54 days... the time keeps counting down and as much as I try to stop life to get a handle on it... I'm no different than anyone else, and I can't... time just keeps slipping away.
I wish I could say that I've accomplished so much since my last post from
65 days, however, everything I've accomplished, while still important, hasn't helped in packing up my house. We went to camp and had a wonderful time, but have found it hard to get into the groove of this whole moving thing.
We've been anticipating a move for years now... and yet, as I sit on the inevitable... it somehow seems surreal...

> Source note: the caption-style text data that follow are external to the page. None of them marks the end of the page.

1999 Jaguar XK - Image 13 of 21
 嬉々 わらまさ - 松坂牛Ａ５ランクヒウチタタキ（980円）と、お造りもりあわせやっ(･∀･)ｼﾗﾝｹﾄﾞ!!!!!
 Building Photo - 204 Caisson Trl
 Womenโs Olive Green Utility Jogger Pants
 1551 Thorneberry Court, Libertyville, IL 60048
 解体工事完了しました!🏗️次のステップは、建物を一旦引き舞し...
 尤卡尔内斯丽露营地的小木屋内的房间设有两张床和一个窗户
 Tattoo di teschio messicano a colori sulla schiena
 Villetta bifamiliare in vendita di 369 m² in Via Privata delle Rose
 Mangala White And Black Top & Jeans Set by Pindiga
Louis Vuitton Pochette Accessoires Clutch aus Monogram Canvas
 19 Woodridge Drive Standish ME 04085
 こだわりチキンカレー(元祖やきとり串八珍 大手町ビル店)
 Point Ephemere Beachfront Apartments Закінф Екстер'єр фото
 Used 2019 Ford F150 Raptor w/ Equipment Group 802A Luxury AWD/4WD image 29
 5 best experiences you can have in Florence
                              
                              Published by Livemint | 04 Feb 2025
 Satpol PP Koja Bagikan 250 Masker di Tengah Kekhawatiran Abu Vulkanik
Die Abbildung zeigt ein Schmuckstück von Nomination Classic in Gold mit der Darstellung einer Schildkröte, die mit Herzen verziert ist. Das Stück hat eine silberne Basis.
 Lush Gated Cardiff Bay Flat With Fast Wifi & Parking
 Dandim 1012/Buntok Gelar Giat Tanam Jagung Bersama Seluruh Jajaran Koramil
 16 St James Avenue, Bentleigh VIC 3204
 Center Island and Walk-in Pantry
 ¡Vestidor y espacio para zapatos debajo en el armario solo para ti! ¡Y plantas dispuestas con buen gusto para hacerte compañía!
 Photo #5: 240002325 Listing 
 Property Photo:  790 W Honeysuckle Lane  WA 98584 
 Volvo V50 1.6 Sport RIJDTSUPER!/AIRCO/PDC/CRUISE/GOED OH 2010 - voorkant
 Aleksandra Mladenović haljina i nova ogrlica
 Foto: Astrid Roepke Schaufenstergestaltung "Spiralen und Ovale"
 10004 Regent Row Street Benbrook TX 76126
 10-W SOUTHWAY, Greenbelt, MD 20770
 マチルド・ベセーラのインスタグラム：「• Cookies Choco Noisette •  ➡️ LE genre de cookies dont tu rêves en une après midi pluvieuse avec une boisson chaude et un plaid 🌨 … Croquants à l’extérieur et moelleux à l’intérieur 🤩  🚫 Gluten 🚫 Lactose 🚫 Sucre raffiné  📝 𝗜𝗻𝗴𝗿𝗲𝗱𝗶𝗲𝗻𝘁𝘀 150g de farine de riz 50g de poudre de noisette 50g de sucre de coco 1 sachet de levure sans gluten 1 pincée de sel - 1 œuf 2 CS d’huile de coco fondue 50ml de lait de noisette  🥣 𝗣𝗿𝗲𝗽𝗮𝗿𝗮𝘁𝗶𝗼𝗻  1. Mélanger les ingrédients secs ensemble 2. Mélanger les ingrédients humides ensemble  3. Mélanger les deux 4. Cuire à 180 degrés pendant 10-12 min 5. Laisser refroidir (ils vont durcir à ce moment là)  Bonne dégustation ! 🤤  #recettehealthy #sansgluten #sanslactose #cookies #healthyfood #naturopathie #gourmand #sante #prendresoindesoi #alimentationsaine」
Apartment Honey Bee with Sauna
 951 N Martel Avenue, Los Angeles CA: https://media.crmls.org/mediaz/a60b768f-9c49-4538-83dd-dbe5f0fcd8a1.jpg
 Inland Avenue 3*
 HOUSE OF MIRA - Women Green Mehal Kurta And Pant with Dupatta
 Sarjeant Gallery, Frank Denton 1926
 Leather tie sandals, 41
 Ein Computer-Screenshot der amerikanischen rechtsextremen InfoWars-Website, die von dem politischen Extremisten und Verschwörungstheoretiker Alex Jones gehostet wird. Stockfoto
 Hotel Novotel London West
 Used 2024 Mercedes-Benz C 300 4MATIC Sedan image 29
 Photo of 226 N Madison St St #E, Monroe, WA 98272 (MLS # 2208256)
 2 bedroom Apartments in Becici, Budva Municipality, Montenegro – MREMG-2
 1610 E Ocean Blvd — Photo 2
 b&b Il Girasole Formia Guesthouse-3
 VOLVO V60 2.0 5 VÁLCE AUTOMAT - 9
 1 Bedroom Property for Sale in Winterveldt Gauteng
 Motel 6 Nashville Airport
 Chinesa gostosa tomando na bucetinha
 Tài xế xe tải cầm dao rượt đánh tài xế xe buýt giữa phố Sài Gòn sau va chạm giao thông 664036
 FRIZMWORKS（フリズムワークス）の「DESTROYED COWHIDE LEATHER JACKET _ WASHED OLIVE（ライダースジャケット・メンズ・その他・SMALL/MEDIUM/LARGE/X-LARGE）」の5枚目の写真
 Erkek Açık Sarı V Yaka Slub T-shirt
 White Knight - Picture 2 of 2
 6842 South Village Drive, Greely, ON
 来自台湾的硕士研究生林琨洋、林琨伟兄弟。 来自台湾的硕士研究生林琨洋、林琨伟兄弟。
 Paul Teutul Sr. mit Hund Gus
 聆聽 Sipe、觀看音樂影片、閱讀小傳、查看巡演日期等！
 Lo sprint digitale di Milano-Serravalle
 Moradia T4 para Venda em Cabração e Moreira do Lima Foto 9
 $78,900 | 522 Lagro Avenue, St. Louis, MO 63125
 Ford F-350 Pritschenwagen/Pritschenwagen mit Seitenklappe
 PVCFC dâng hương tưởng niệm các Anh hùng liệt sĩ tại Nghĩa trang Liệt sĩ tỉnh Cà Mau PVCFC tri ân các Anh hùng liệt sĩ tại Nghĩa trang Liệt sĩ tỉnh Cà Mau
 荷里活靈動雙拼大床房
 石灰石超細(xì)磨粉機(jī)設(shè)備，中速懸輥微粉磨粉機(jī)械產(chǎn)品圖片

We went to Detroit Lakes yesterday... the whole family. We met some fabulous people with a passion to share Christ with others... no matter what. They're excited that we're coming there... because they "get it". They know there are people who aren't going to church... people who don't know God... people who have rejected God... and people who just haven't "fit in"... who need to be reached.
They understand that our family isn't coming in to "compete" with their churches...
We're going to Detroit Lakes because there is still a need, and it takes various people to reach different kinds of people.
We also drove by the house we'll be living in from September until the end of May. It's rented now so we couldn't show them, but they got to see where it was and make it all seem "more real". As we drove through the city, I felt myself getting more excited... and nervous... and scared... but mostly excited because I know that while there are so many questions to be answered... HE KNOWS ALL THE ANSWERS and it's going to be great.
I've heard planting a church is similar to having a baby... the months of preparation and anticipation for the "arrival" of something new... knowing life will change, but not knowing exactly how. As I carry our next child, I feel even closer to that comparison... waiting to see the life being created in my body, as well as the "life" the Lord is creating to be birthed in Detroit Lakes. It's going to be an exciting year for the Verlennich Tribe!
So, today as I look around at my house and all there is to do (did you know that when packing a house to move, you STILL have to do laundry and the dishes like every other day?!), I find myself with renewed energy as I think about our future in Detroit Lakes... and the lives of people we have yet to meet... and touch with the hope of Christ.